• [Data extracts]:
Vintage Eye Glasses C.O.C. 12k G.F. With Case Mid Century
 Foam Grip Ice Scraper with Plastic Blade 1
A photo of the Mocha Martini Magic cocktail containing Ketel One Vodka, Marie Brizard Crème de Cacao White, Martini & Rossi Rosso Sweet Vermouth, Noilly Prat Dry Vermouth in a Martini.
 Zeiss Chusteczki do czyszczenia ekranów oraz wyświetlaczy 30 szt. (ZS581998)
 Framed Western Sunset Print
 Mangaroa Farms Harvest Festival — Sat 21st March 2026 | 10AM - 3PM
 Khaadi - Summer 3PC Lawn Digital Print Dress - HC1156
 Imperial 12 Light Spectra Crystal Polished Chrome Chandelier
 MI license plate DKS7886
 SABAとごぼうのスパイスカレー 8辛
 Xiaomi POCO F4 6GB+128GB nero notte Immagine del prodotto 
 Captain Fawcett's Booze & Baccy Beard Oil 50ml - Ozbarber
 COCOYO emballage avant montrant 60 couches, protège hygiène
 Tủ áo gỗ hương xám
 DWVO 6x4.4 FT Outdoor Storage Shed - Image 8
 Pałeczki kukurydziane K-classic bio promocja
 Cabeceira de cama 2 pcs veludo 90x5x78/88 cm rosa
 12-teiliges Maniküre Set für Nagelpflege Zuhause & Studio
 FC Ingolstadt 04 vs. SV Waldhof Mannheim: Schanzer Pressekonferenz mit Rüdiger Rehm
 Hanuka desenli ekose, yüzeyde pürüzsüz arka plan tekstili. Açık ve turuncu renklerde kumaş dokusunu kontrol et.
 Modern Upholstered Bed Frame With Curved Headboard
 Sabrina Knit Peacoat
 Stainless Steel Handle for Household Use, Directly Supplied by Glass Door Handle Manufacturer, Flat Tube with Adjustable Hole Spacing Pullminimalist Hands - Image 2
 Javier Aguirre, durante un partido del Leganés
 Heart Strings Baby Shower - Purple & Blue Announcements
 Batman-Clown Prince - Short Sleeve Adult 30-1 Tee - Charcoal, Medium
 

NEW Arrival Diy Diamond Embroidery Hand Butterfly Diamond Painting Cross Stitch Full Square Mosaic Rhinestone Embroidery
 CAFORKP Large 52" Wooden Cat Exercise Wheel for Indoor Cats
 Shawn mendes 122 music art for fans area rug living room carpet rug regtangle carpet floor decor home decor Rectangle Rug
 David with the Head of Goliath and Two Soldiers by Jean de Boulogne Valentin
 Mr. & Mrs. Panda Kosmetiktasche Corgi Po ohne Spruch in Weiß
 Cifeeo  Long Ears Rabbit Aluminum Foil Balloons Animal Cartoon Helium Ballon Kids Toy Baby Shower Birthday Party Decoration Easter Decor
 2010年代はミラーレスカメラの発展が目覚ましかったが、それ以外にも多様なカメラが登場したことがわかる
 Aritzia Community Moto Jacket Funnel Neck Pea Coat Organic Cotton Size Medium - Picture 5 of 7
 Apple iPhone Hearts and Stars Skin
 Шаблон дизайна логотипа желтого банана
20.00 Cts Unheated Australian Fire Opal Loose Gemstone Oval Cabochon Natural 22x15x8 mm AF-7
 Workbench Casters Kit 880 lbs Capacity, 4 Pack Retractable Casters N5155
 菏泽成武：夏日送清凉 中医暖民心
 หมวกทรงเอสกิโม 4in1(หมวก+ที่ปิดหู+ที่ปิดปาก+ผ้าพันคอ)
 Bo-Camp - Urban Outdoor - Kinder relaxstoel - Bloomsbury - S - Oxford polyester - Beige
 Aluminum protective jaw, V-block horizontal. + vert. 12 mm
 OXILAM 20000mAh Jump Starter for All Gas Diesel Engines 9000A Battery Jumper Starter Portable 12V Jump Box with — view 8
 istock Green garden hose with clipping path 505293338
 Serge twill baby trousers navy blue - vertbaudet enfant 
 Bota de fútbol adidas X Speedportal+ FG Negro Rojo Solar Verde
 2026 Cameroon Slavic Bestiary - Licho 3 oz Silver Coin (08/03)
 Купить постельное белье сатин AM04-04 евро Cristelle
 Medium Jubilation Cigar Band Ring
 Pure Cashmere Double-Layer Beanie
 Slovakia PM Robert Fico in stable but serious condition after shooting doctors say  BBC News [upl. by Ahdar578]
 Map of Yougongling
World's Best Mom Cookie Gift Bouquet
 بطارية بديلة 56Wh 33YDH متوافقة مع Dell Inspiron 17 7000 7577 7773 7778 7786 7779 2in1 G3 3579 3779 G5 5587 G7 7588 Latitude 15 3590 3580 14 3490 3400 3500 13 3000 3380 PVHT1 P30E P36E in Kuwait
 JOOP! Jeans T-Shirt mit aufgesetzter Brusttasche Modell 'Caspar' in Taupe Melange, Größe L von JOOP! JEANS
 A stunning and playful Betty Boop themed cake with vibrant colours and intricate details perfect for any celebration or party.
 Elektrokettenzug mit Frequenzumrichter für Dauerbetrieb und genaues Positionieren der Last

• [Work instructions]:
Could you set down, word for word, only the lines above from the line with "NEW Arrival Diy" to the line with "Serge twill baby", including both?

• [Written solution]:
NEW Arrival Diy Diamond Embroidery Hand Butterfly Diamond Painting Cross Stitch Full Square Mosaic Rhinestone Embroidery
 CAFORKP Large 52" Wooden Cat Exercise Wheel for Indoor Cats
 Shawn mendes 122 music art for fans area rug living room carpet rug regtangle carpet floor decor home decor Rectangle Rug
 David with the Head of Goliath and Two Soldiers by Jean de Boulogne Valentin
 Mr. & Mrs. Panda Kosmetiktasche Corgi Po ohne Spruch in Weiß
 Cifeeo  Long Ears Rabbit Aluminum Foil Balloons Animal Cartoon Helium Ballon Kids Toy Baby Shower Birthday Party Decoration Easter Decor
 2010年代はミラーレスカメラの発展が目覚ましかったが、それ以外にも多様なカメラが登場したことがわかる
 Aritzia Community Moto Jacket Funnel Neck Pea Coat Organic Cotton Size Medium - Picture 5 of 7
 Apple iPhone Hearts and Stars Skin
 Шаблон дизайна логотипа желтого банана
20.00 Cts Unheated Australian Fire Opal Loose Gemstone Oval Cabochon Natural 22x15x8 mm AF-7
 Workbench Casters Kit 880 lbs Capacity, 4 Pack Retractable Casters N5155
 菏泽成武：夏日送清凉 中医暖民心
 หมวกทรงเอสกิโม 4in1(หมวก+ที่ปิดหู+ที่ปิดปาก+ผ้าพันคอ)
 Bo-Camp - Urban Outdoor - Kinder relaxstoel - Bloomsbury - S - Oxford polyester - Beige
 Aluminum protective jaw, V-block horizontal. + vert. 12 mm
 OXILAM 20000mAh Jump Starter for All Gas Diesel Engines 9000A Battery Jumper Starter Portable 12V Jump Box with — view 8
 istock Green garden hose with clipping path 505293338
 Serge twill baby trousers navy blue - vertbaudet enfant 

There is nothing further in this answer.